There was a statistically significant PFS improvement for patients randomized to KISQALI® plus endocrine therapy and the median PFS for patients in the KISQALI® plus endocrine therapy was 5.33 months, compared with 2.76 months for patients receiving placebo and endocrine therapy (HR=0.56;; P=0.004). At 12 months, the PFS rates were 24.6% in the KISQALI® group versus 7.4% in the placebo group. Similar results were noted in the subset of patients treated with Fulvestrant and KISQALI®, and the median PFS for those randomized to KISQALI® was 5.29 months versus 2.76 months in the placebo group (HR=0.59; P=0.02). The PFS benefit was more evident in KISQALI® group compared to the placebo group, especially among those who received a shorter duration of therapy with a prior CDK4/6 inhibitor (HR=0.36) and among those over age 65 years (HR=0.31). The Overall Response Rate in the KISQALI® group was 20%, compared to 11% in the placebo group, and the median Duration of Response was 18.8 months in those treated with KISQALI® and endocrine therapy, compared with 14.8 months for those treated with placebo plus endocrine therapy. There was also a significant improvement in the Clinical Benefit Rate (CBR), defined as patients who achieved Complete Response, Partial Response, or stable disease lasting at least 24 weeks. The CBR was significantly improved in the KISQALI® group, compared with the placebo group, and was 43% versus 25%, respectively (P=0.06). The most common adverse event in the KISQALI® group was neutropenia at 72%, compared to 15% in the placebo group.

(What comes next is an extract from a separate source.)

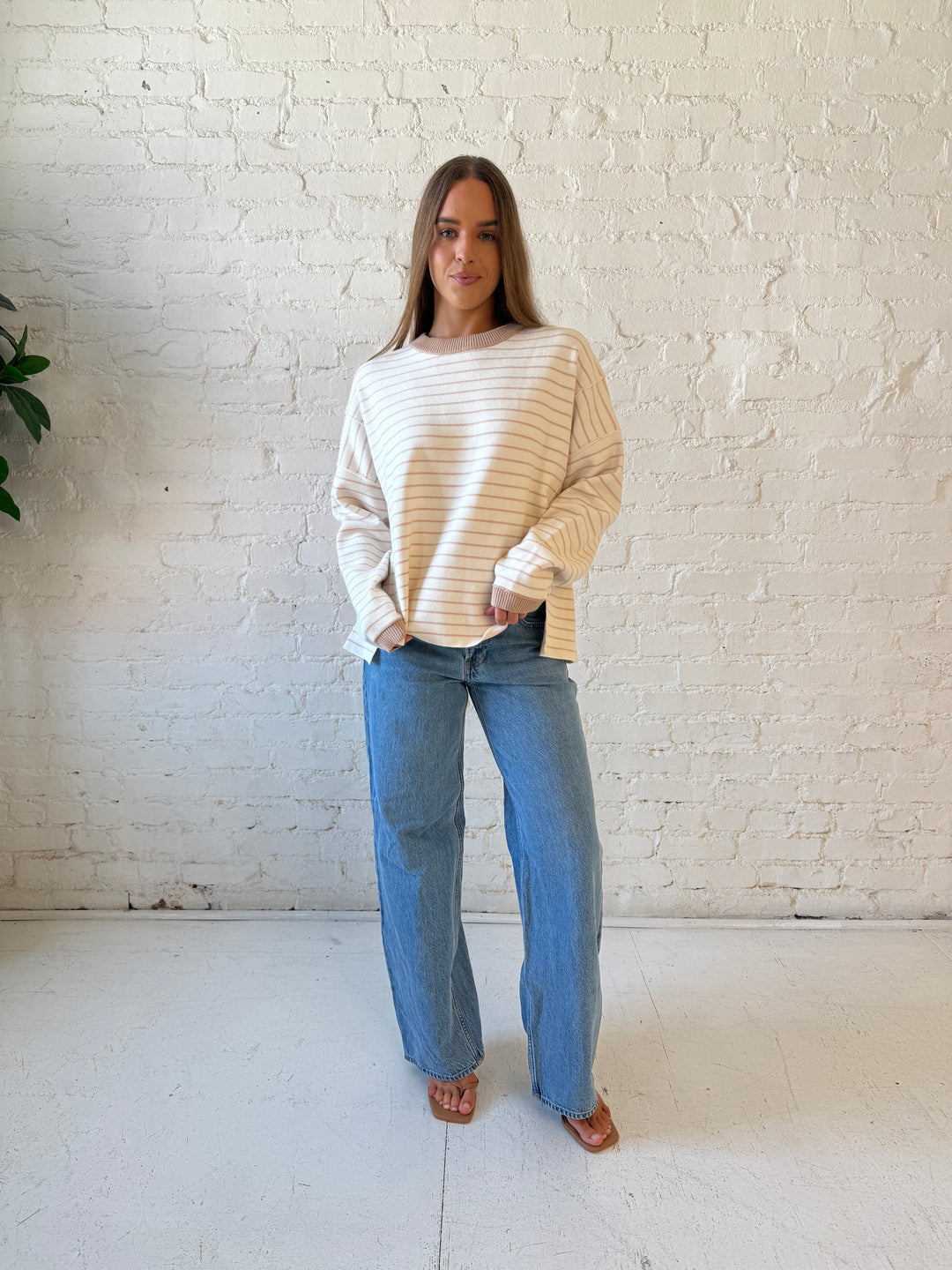 Woman wearing beige and ivory striped pull over sweater with medium wash jeans.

It was concluded from this randomized, placebo-controlled trial that, treatment with KISQALI® and an alternate endocrine therapy, after progression on a prior CDK4/6 inhibitor, showed a 43% reduction in the risk of progression or death, compared with placebo and endocrine therapy, in patients with HR+/HER2-negative metastatic breast cancer.

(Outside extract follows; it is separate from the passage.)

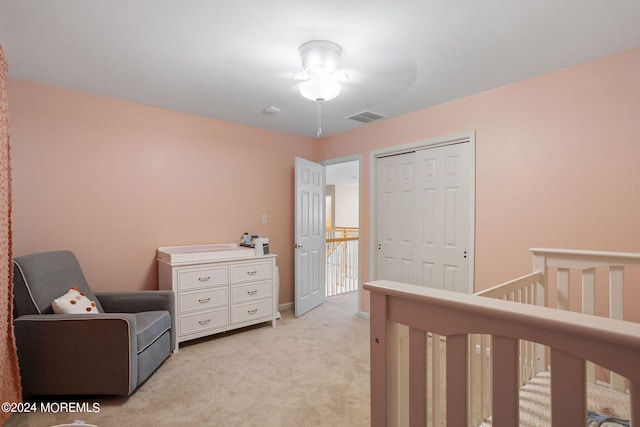 bedroom featuring light carpet, a nursery area, a closet, and ceiling fan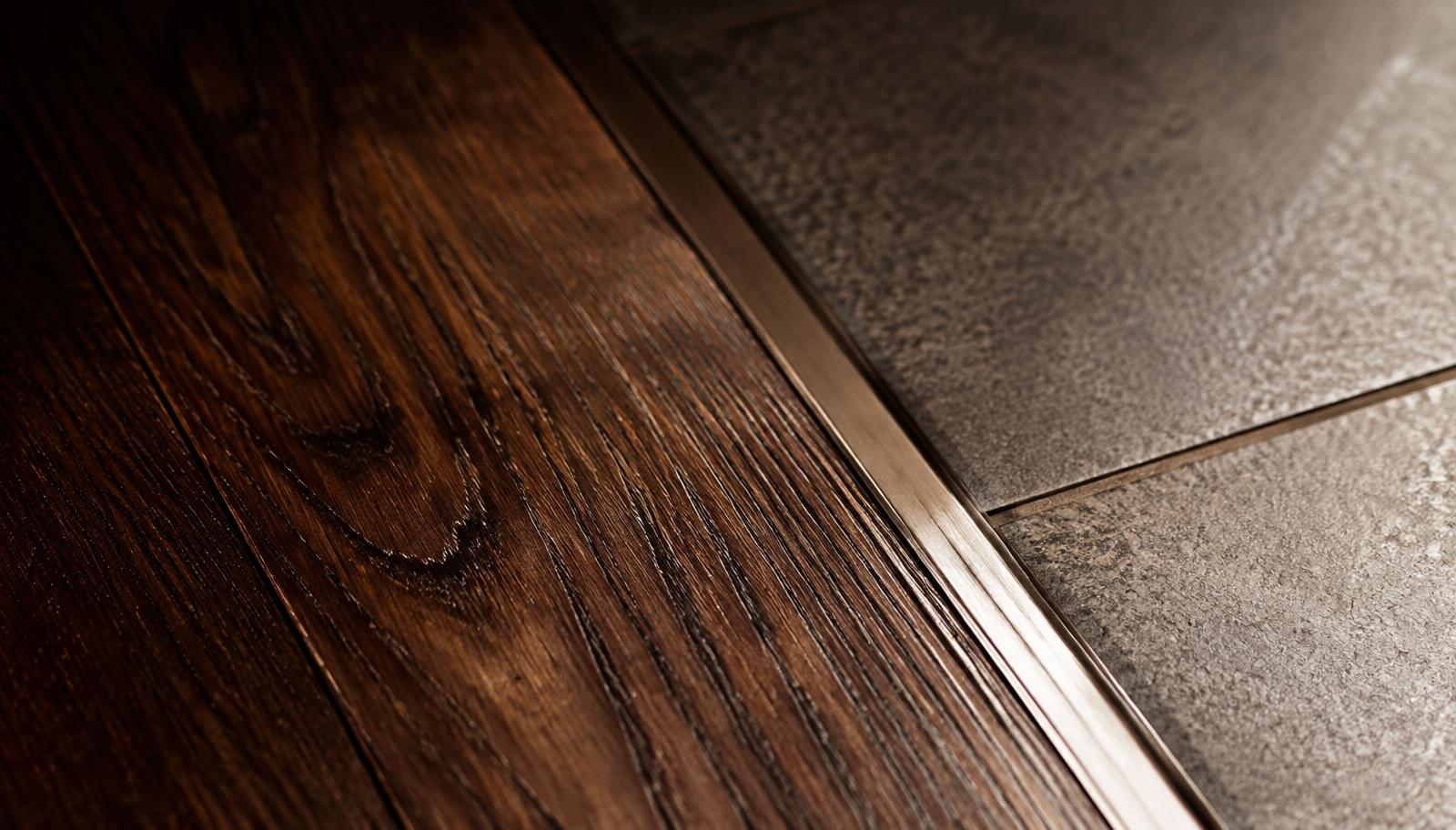 Close-up of dark wood plank grain meeting tile at a clean metal transition strip.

A randomized, phase II trial of fulvestrant or exemestane with or without ribociclib after progression on anti-estrogen therapy plus cyclin-dependent kinase 4/6 inhibition (CDK 4/6i) in patients (pts) with unresectable or hormone receptor–positive (HR+), HER2-negative metastatic breast cancer (MBC): MAINTAIN trial. Kalinsky K, Accordino MK, Chiuzan C, et al. J Clin Oncol 40, 2022 (suppl 17; abstr LBA1004). DOI: 10.1200/JCO.2022.40.17_suppl.LBA1004.